В год, когда студент Московского университета Миша Морозов стал законным наследником отцовских миллионов, его брат уехал учиться в Швейцарию. Четыре года спустя Ваня вернулся домой с дипломом Высшей политехнической школы и застал Мишу отцом семейства и автором двух книг. Михаил Абрамович сумел высказать все, что хотел «поведать миру». Достаточно прочесть «Мои письма» и перелистать альбом с семейными фотографиями, чтобы представить себе старшего сына Варвары Морозовой. А вот сведения об Иване выуживать приходится буквально из ничего. Дневников не вел, письма писал редко. Дал одно-единственное в жизни интервью, и то — за год до смерти. Если фотографировался — только вместе с родственниками.

Маргарита Кирилловна писала, что ее деверь был «просто рожден стать хозяином "дела"». Но, если присмотреться повнимательнее, все окажется далеко не так однозначно. Выясняется, что Иван Морозов был человек рефлексирующий, хрупкий, любая неприятность выбивала его из колеи («И. А. принадлежал к разряду людей, сильно падающих духом при нарушении правильного хода их жизни…» — вспоминал Н. А. Варенцов). Мечтал быть художником, а вовсе не директором-распорядителем на фабрике. Даже когда учился на химика в Швейцарии, рисовал вместе со студентами-архитекторами, а по воскресеньям писал пейзажи маслом, как положено, на пленэре. Мальчиков Морозовых, кстати, учили рисованию гораздо серьезнее, чем обыкновенно полагалось в купеческих семьях. Сначала они занимались в Художественной студии Николая Авенировича Мартынова [104] (художник потом вел занятия по изобразительному искусству на Пречистенских курсах, финансово поддерживаемых их матерью). Года два подряд к братьям приходил студент Училища живописи, ваяния и зодчества Костя Коровин (академик живописи об этом эпизоде своей биографии предпочитал не вспоминать) [105]. Его сменил Егор Моисеевич Хруслов, пейзажист-передвижник, который станет вскоре хранителем галереи братьев Третьяковых, вследствие чего от занятий живописью вынужден будет отказаться. Летом в Поповке, тверском имении Морозовых, Ваня под руководством нового учителя писал этюды.
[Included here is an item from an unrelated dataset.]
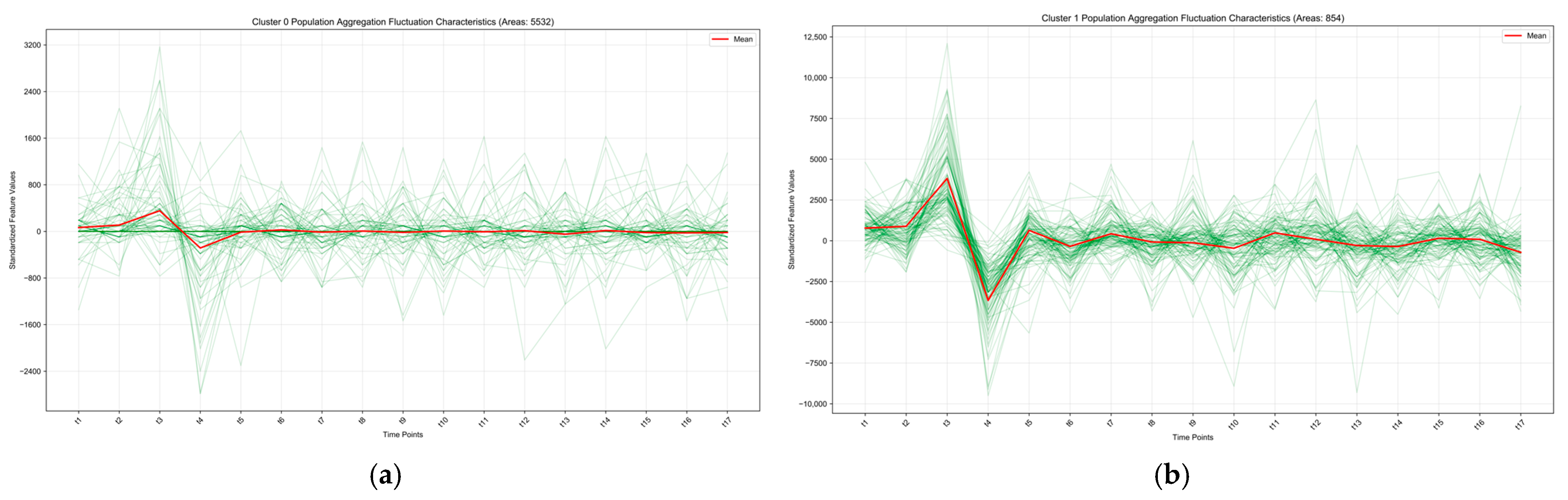 Sustainability 17 10514 g019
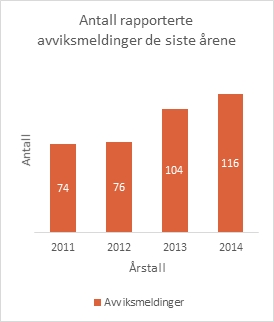 Rapporterte avviksmeldinger. Grafisk fremstilling.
Однажды, прямо-таки в лучших дворянских традициях, Хруслов взял его с собой в путешествие по Волге и Кавказу, где они, разумеется, «работали этюды».

Миша живопись забросил рано, а Иван еще долго «прикладывался» к мольберту. «В Цюрихе каждую свободную минуту я брал свой ящик с красками и отправлялся в горы на этюды. Это лучшие мои воспоминания», — мечтательно говорил Иван Абрамович. Литератор в семье уже имелся, младший брат Арсений бездельничал, так что мечтать о профессиональных занятиях искусством не имело смысла. Сын коллекционера А. А. Бахрушина пересказал в «Воспоминаниях» такой морозовский монолог: «…Чтобы стать настоящим художником, надо очень, очень много работать, посвятить всю свою жизнь живописи. Иначе ничего не выйдет. Толк будет только тогда, когда на все в жизни будешь смотреть глазами художника, а это не всякому дано. Вот мне этого дано не было, и приходится восторгаться чужими работами… В искусстве самое ужасное — посредственность. Бездарность лучше — она хоть не обманывает». И все-таки Иван Абрамович был к себе слишком строг. Глаз у него конечно же имелся — иначе он не собрал бы такую потрясающую коллекцию.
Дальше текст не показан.